One apparent result — and no, the link has not been proven beyond statistical doubt —– is more property crime in many places, while violent crime has remained relatively stable over the last five years. The increase is official; what’s unproven is the direct cause-and-effect link to Proposition 47.
All this is not enough for Brown, who has a new initiative before voters, on the November ballot as Proposition 57. This one allows early paroles for legally defined nonviolent prisoners in exchange for certain achievements and good behavior. The governor spent millions of dollars this spring to qualify his measure, mostly from funds he raised but largely did not spend while winning re-election in 2014.
Brown calls his new measure “straightforward,” saying it will let only judges, and no longer prosecutors, decide which juveniles aged 14 and over to try in adult court. He says it will speed paroles for some nonviolent offenders, while setting up a system of credits allowing inmates earlier releases if they get high school and college degrees while imprisoned, and “take charge of their lives.”
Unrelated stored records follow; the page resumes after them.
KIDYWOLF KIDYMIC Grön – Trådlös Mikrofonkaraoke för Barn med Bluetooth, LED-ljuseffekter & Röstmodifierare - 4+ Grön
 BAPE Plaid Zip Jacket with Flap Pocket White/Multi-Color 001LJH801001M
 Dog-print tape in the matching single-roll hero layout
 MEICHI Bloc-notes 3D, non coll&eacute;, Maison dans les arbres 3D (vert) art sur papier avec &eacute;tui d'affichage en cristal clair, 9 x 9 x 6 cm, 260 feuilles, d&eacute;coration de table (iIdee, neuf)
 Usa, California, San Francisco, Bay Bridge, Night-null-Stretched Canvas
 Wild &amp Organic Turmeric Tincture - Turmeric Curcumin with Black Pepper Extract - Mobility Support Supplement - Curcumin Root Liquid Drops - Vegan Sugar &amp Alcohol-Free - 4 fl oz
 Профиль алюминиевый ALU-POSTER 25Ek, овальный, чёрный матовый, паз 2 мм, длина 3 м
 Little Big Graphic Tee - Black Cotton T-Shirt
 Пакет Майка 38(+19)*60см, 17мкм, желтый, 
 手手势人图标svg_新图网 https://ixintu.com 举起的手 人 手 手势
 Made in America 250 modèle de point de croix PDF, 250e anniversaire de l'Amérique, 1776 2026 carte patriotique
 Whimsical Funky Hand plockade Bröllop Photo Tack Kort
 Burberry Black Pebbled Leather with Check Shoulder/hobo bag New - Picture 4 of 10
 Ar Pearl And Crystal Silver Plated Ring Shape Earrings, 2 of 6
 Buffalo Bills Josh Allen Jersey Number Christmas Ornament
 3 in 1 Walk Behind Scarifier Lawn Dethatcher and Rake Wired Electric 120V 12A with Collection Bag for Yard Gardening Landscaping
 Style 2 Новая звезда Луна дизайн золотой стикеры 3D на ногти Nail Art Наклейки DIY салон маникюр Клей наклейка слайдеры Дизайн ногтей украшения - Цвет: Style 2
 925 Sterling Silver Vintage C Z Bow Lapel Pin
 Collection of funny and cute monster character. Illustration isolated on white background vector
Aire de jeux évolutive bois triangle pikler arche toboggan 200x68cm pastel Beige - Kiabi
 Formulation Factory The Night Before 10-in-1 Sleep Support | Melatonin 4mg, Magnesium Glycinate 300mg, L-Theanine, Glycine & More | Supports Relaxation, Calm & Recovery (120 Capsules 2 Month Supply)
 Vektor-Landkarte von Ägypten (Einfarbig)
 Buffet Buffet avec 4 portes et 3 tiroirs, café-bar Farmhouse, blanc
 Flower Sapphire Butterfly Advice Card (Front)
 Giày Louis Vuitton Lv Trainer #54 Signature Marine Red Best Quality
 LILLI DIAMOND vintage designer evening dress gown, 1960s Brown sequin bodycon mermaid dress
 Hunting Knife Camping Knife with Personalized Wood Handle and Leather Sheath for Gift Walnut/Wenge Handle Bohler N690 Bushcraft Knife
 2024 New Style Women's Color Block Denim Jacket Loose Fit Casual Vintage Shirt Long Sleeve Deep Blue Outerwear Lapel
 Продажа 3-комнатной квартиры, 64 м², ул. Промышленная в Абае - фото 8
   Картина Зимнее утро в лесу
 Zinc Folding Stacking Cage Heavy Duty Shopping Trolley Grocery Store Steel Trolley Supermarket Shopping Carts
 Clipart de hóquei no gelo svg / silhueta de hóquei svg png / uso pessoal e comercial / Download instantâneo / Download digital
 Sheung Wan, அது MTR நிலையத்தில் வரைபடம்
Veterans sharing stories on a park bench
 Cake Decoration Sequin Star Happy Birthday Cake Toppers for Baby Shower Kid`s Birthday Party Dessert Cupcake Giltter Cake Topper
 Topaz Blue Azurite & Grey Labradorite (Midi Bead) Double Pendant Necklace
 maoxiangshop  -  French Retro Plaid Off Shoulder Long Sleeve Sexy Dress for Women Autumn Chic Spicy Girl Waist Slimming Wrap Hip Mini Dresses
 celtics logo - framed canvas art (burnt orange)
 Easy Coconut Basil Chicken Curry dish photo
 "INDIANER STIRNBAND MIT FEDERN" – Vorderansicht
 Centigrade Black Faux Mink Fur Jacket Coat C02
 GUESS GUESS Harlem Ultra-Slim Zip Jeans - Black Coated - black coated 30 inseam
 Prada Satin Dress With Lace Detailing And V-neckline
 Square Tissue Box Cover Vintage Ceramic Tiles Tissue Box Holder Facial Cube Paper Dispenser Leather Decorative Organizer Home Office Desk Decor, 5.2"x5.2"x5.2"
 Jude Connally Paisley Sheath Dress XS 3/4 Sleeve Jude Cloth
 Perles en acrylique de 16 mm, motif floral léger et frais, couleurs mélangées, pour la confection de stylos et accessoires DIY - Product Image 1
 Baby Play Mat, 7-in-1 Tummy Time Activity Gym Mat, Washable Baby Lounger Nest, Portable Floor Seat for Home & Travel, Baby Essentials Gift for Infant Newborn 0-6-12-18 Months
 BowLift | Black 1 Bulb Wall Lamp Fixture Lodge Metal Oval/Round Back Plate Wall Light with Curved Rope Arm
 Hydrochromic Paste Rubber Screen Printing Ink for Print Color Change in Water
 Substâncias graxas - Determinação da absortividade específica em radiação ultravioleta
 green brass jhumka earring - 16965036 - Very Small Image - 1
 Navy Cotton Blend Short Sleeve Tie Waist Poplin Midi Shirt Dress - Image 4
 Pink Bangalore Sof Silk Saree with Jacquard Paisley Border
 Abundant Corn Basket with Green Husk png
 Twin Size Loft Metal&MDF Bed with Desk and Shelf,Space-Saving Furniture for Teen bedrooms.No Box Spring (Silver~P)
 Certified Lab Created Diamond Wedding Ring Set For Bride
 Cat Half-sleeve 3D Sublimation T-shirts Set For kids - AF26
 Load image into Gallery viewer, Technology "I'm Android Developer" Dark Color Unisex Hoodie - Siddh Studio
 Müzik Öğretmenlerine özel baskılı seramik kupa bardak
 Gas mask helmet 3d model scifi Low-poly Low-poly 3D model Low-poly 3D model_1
This measure figures to let loose thousands more inmates atop those already released.
What Brown has never said, but a spokesman admitted to a reporter while the initiative petitions were still circulating (at about $5 per valid voter signature) is that some persons convicted of crimes like assault with a deadly weapon, soliciting murder, elder or child abuse, arson and human trafficking might get speedier paroles.
The disingenuous hype Brown applies to his proposal by saying it would affect only “non-violent prisoners who can change their criminal thinking …” might be similar to the outright lie told for years by the state prison department, which denied for years allowing serious violent criminals into inmate firefighting camps, where there is limited supervision. Of course, when that oft-repeated claim was disproven, Brown said nothing and disciplined no one.
No one knows how state parole panels will ever be sure that any prisoner has “changed their criminal thinking,” or whether crime rates might increase under this new Brown plan.
A close Brown aide said almost all those covered under the new initiative also could be affected by realignment. “This has a chance of providing a carrot of early release for them,” the aide said. “It won’t work for everyone. But the alternative is a system offering no incentives for people to straighten themselves out.”
Former seminarian Brown couches his measure in moral terms and maintains California “still does not have a durable plan to deal with prison overcrowding.” His initiative could also save many millions in prison costs.
But at what price? Burglaries are up. Car thefts, too. So is shoplifting. Would other crimes rise with a new flow of inmates leaving prisons? No one knows.
For sure, prosecutors say they’re worried, and not only because this proposition would decrease their authority a bit.